1. Verifizieren Sie Ihren Google Places Eintrag
Oft existiert bereits ein Eintrag Ihres Unternehmens bei Google Places, ohne dass Sie diesen angelegt haben. Das liegt daran, dass Google sich Informationen aus anderen Branchenverzeichnissen zieht. Sie können sich diesen Eintrag aber „greifen“ und verifizieren. Durch eine solche Verifizierung weisen Sie sich als Besitzer des eingetragenen Unternehmens aus. Eine Verifizierung ist gleich aus mehreren Gründen sinnvoll. Sie stellen dadurch nicht nur sicher, dass Sie der Einzige sind, der Daten und Informationen in dem Profil einpflegen und entfernen kann. In der Praxis konnte darüber hinaus wiederholt beobachtet werden, dass eine Verifizierung einen positiven Einfluss auf das Ranking haben kann.
2. Vervollständigen Sie Ihr Unternehmensprofil
Füllen Sie Ihr Profil zu 100 Prozent aus. Geben Sie Ihre Kontaktdaten möglichst vollständig an. Sie erleichtern damit nicht zuletzt auch Ihren Kunden, Kontakt zu Ihnen aufzunehmen. Achten Sie dabei darauf, dass die bei Google angegebenen Kontaktdaten mit denen im Impressum Ihrer Seite und mit den Angaben in anderen Branchenverzeichnissen übereinstimmen. Geben Sie Ihre Öffnungszeiten und Ihr Einzugsgebiet an, laden Sie Fotos hoch und binden Sie ein Video über Ihr Unternehmen ein, sofern eines existiert.
Ein ganz zentrales Thema ist der Umgang mit Keywords im Google Places Profil Ihres Unternehmens. Grundsätzlich gibt es drei Stellen, an denen sich die Unterbringung von Keywords anbietet:
Die Unternehmensbezeichnung:
Mag es auch anfangs als gute Idee erscheinen, im Feld Firma/Organisation Keywords mit aufzunehmen, ist doch dringend davon abzuraten, Ihr Unternehmen spontan in die „Metzgerei Fleischerei Leipzig Dresden“ umzubenennen. Sie verstoßen damit gegen Google Richtlinien und riskieren eine Abstrafung durch Google. Auch Ihr Unternehmensname sollte dem Namen entsprechen, den Sie im Impressum Ihrer Webseite angegeben haben bzw. der in anderen Branchenverzeichnissen zu finden ist. Achten Sie hier auf Konsistenz.
Die Kategorien:
Mit den Kategorien gibt Ihnen Google die Möglichkeit, anzugeben, was für eine Art von Unternehmen Sie betreiben und welche Leistungen Sie anbieten.
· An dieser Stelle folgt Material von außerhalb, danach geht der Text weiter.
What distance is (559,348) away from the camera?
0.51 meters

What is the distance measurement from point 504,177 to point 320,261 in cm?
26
Von den insgesamt fünf möglichen Kategorien müssen Sie eine von Google vorgegebene (an beliebiger Position) aussuchen, die anderen Kategorien können Sie frei wählen. Nutzen Sie diese Kategorien und verwenden Sie hier relevante Keywords wie Metzgerei, Fleischerei, Wurstherstellung etc. Die ausgewählten Kategorien sollten möglichst passend für Ihr Unternehmen sein und der wichtigste Suchbegriff an erster Stelle stehen. Gerade, wenn Ihr Unternehmen sich in einem Ballungsraum befindet, in dem Sie mit zahlreichen Wettbewerbern konkurrieren, sollten Sie die Kategorien außerdem so spezifisch wie möglich angeben. Vorsicht: Kategorien sollten aus nur einem Wort bestehen und keine Ortsnamen wie Dresden und Leipzig enthalten.
Die Beschreibung:
In der Beschreibung können Sie in 200 Zeichen Ihr Unternehmen kurz darstellen. Nutzen Sie diese 200 Zeichen, bringen Sie auch hier die relevanten Keywords unter, aber übertreiben Sie nicht. Google reagiert empfindlich auf Keywordspamming! Vermeiden Sie also eine bloße Auflistung von Suchbegriffen. Vergessen Sie auch nicht: Sie wollen den Kunden, nicht die Suchmaschine von sich überzeugen!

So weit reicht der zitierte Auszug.